Climate change is making things very difficult for British farmers.

Food security threatened by extreme flooding, farmers warn

“Debbie, whose family have farmed there since 1936, said the land used to flood every six years when she was young, but had flooded three times last year and six times already this year”

Dead lambs and ‘decimated crops’ on rain-soaked farms

The stories from these farms are heartbreaking. Lambs born into conditions that they cannot survive. Unplantable fields.

UK facing food shortages and price rises after extreme weather

Farming is the business of providing the rest of us with food. If crops fail, as they already are this year, this will cause shortages and price rises. If farmers are in trouble, we all suffer.

Heavy rains, lightning in Pakistan kill at least 50 people

Rafay Alam, a Pakistani environmental expert, said such heavy rainfall in April was unusual.
“Two years ago, Pakistan witnessed a heatwave in March and April and now we are witnessing rains and it is all of because of climate change, which had caused heavy flooding in 2022,” he said.

How Nigeria is reeling from extreme heat fuelled by climate change

“Since the start of this year, Africa’s most populous nation Nigeria has faced prolonged stretches of severe heat.

A recent quick-fire analysis found that the conditions in February, when temperatures exceeded 40C, were made 10 times more likely by human-caused climate change”.

World faces ‘deathly silence’ of nature as wildlife disappears, warn experts

Birdsong is beautiful and I am lucky to live in an area where there is a lot of it.
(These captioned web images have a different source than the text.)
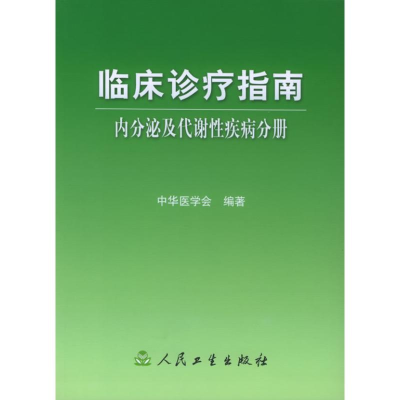 [M]内分泌及代谢性疾病分册/临床诊疗指南-9787117067782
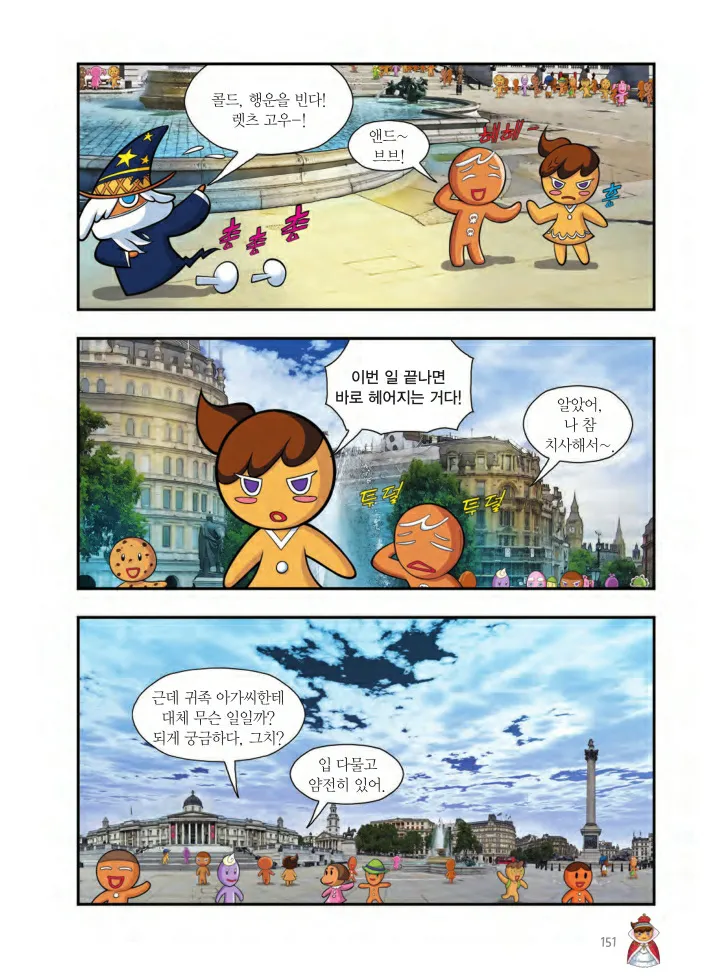 Manga Page 152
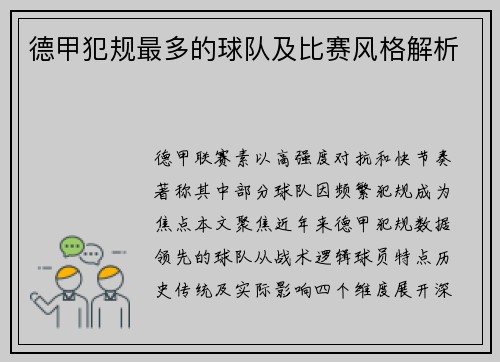 德甲犯规最多的球队及比赛风格解析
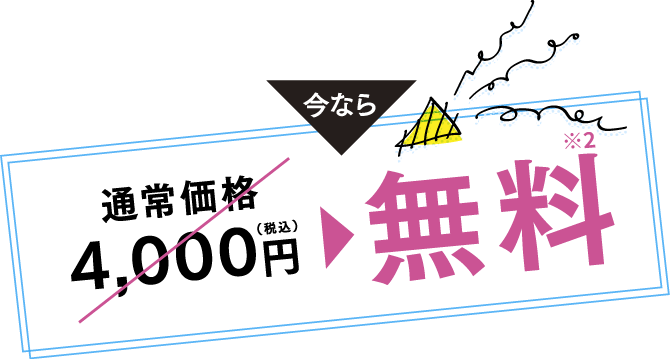 今なら無料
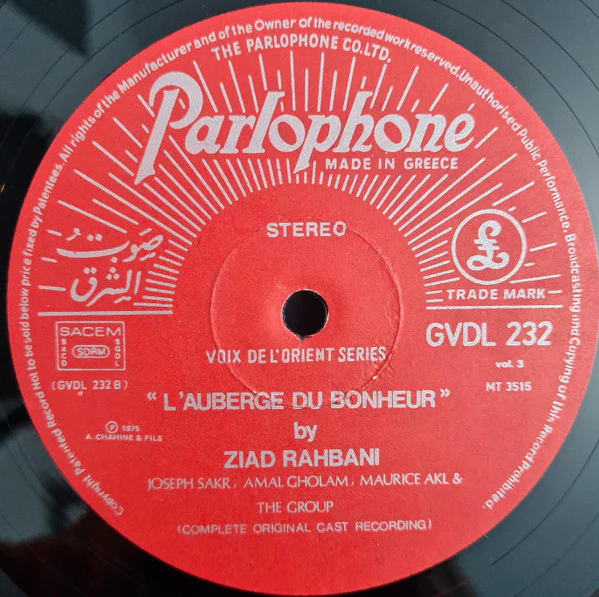 Ziad Rahbani - نزل السرور     L'Auberge Du Bonheur - Volume 3 (LP) - Image 4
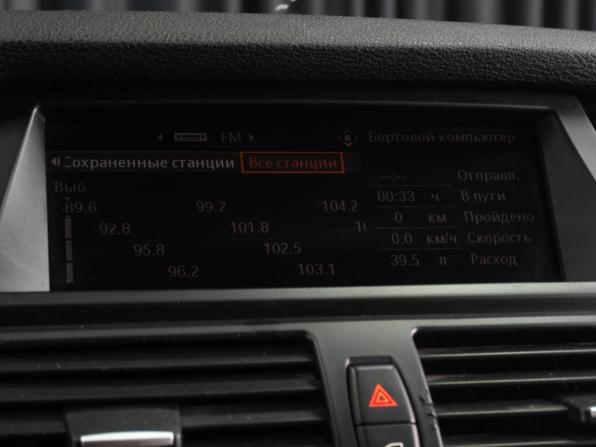 BMW X5 II (E70) с пробегом 2008 года, цена 1 419 000 рублей, 284169 км, внедорожник, Автокод Объявления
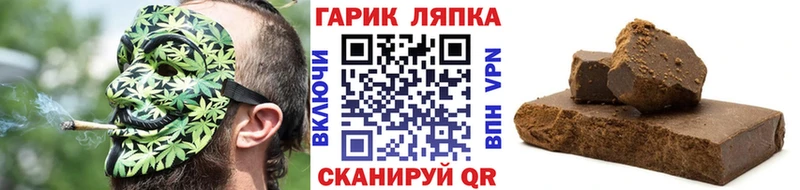 ГАШИШ гарик  купить закладку  Димитровград 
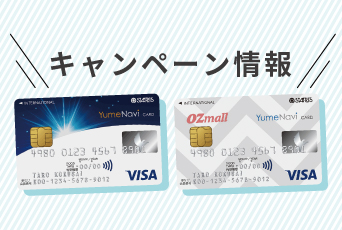 【キャンペーン情報】最大100,000円のチャンス！夏来る還元祭☆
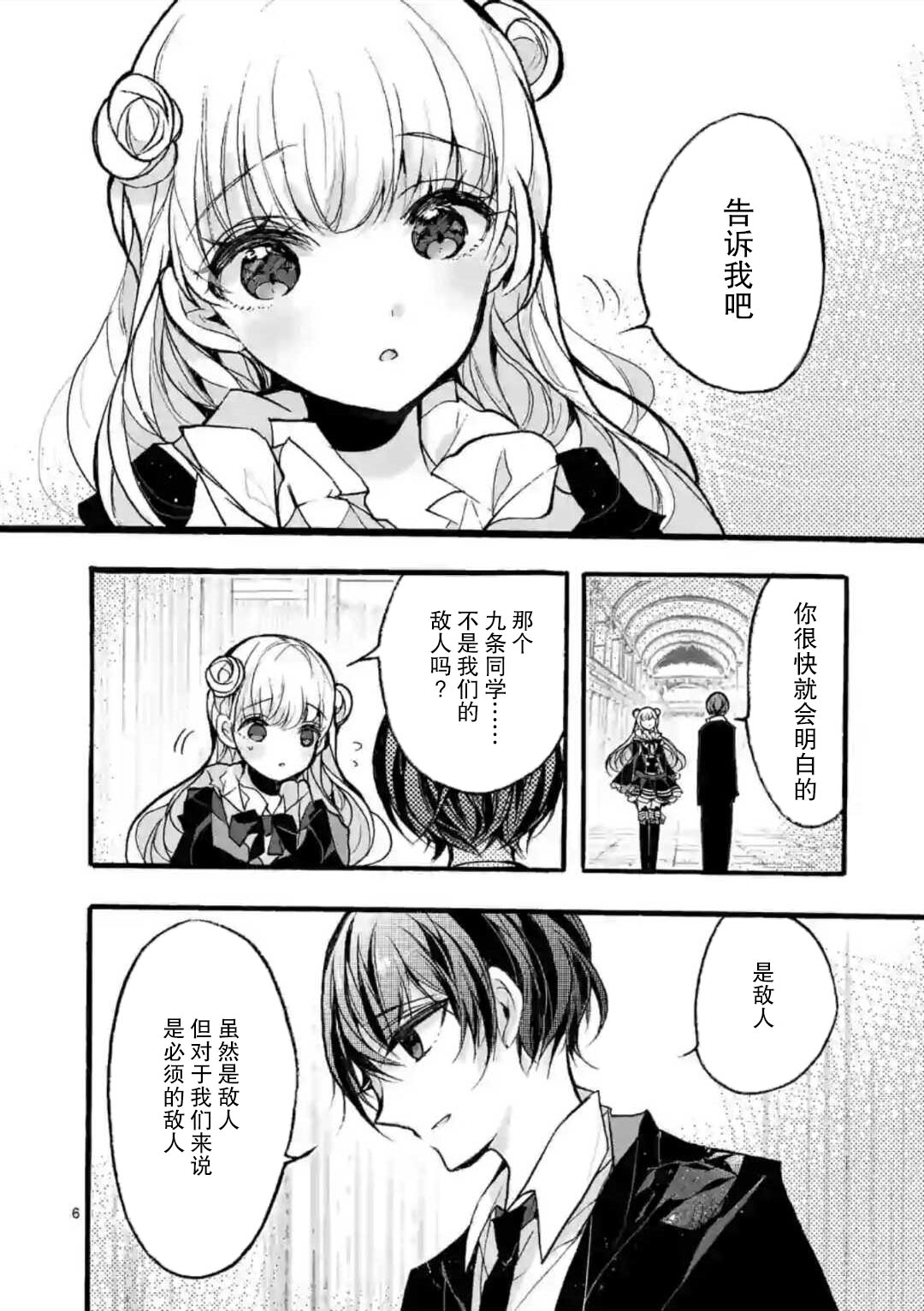 九条学园学生会的交际韩漫全集-第04话前篇无删减无遮挡章节图片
But like so many parts of the natural world, it is under threat. If there is no habitat for nature, it is lost and so are those joyful sights and sounds.

Finally, you might have seen astonishing footage of a storm in Dubai. This is a desert region, so flooding is very unusual. Yet, video clips showed streets flooded, wind damage and aircraft at the huge international airport apparently taxiing across a lake. Some of the video was obviously fake and there was discussion of cloud seeding. So this analytical article in The Guardian is welcome.

Don’t blame cloud seeding for the Dubai floods

This was an extraordinary weather event. It was not caused by cloud seeding getting out of hand, it was greatly exacerbated by climate change.

This is part of the challenge of climate change. People can survive in all sorts of places if they have the infrastructure and techniques to do so. Climate change does exactly what it says. It turns deserts into lakes and fertile, food-growing regions into deserts and its happening faster than we can adapt.

Thanks for reading.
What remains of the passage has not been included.